The results for July 2020 differ very slightly - 0.57 versus 0.568 for sector 2.  This likely due to the ```slide_period_dfr``` function being applied by month, as opposed to the specific day range for the ```ipc_by_grp``` function.  

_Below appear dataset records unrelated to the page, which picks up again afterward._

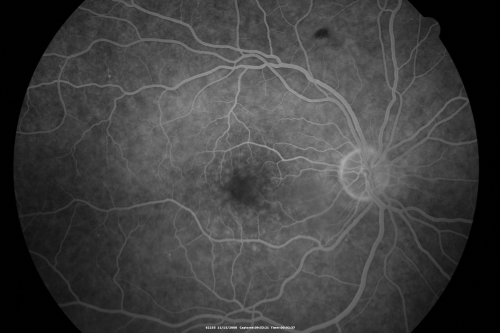 Drusen Maculopathy - Confluent Subfoveal Soft Hydrophobic Drusen - Early Fluorescein Angiogram Drusen do not yet Stain
73-year-old woman. She is diabetic for thirteen years.  She is also on Coumadin for her heart disease.  

VISUAL ACUITY:  OD 20/25, OS 20/50.  
Keywords: soft drusen;amd;confluent drusen;dry;vitelliform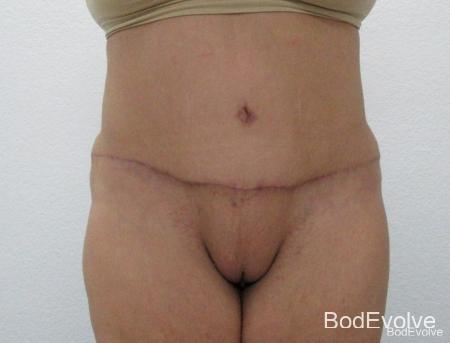 Tummy Tuck: Patient 7 - After  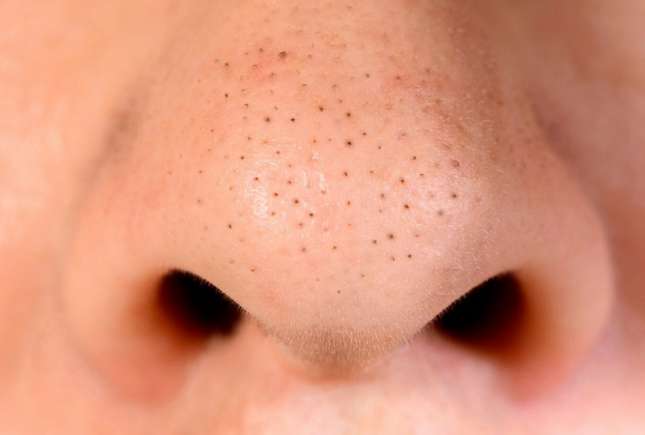 Tratament natural pentru punctele negre: exfoliant DIY cu ingrediente ieftine și eficiente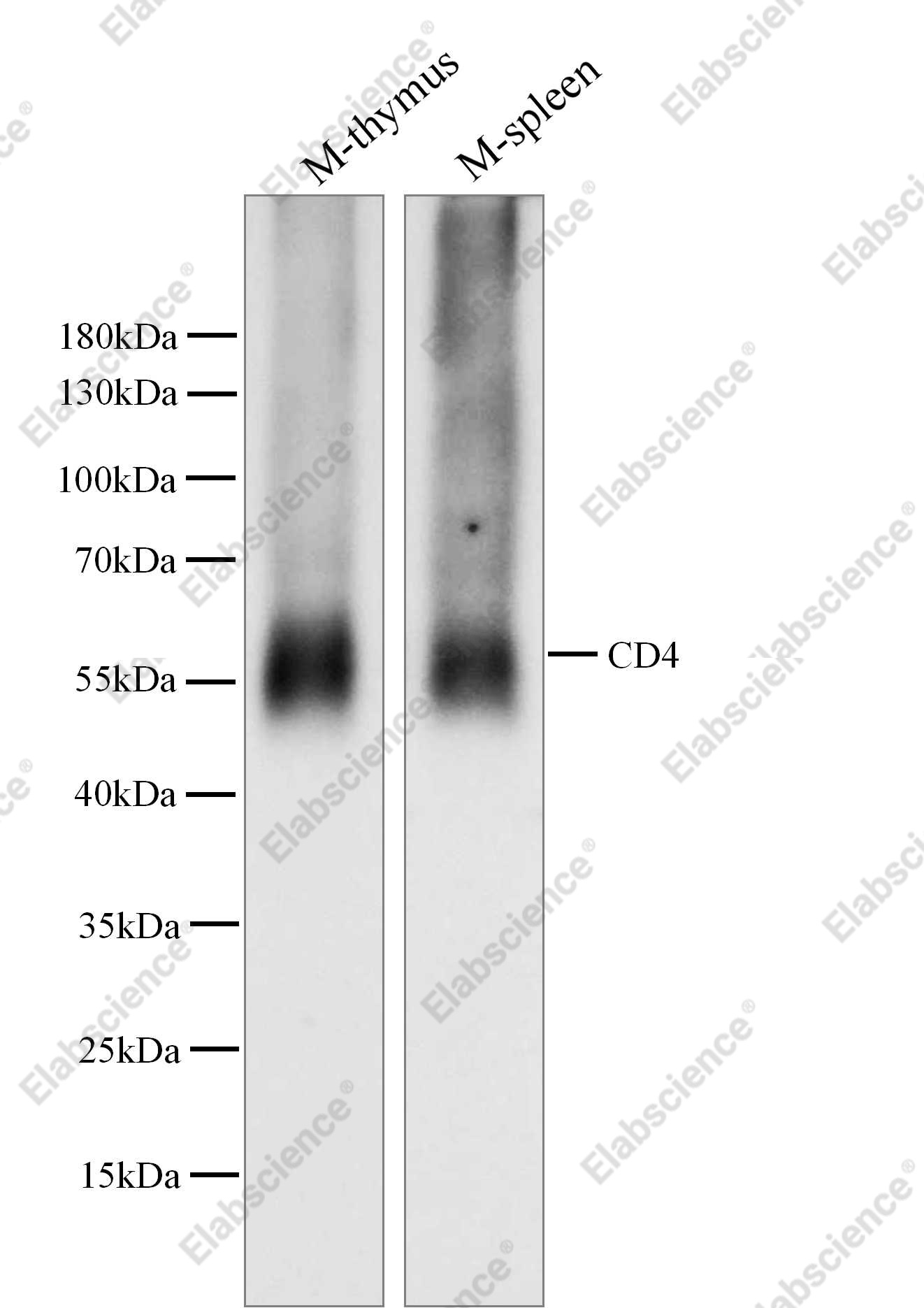 Recombinant CD4 Monoclonal Antibody - 1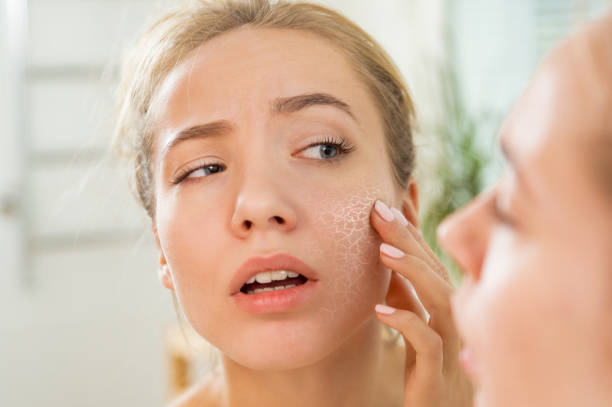 Top sữa rửa mặt dịu nhẹ cho da khô nhạy cảm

We can check this by changing the day range on the earlier function.


In [None]:
daily_price_rtn %>% 
  filter(date_stamp >= '2020-02-01' & date_stamp <= '2020-07-31') %>%
  ipc_by_grp()

sector,date_stamp,ipc
<chr>,<date>,<dbl>
1,2020-07-31,0.490811
2,2020-07-31,0.568862


In agreement.  That's good enough for me.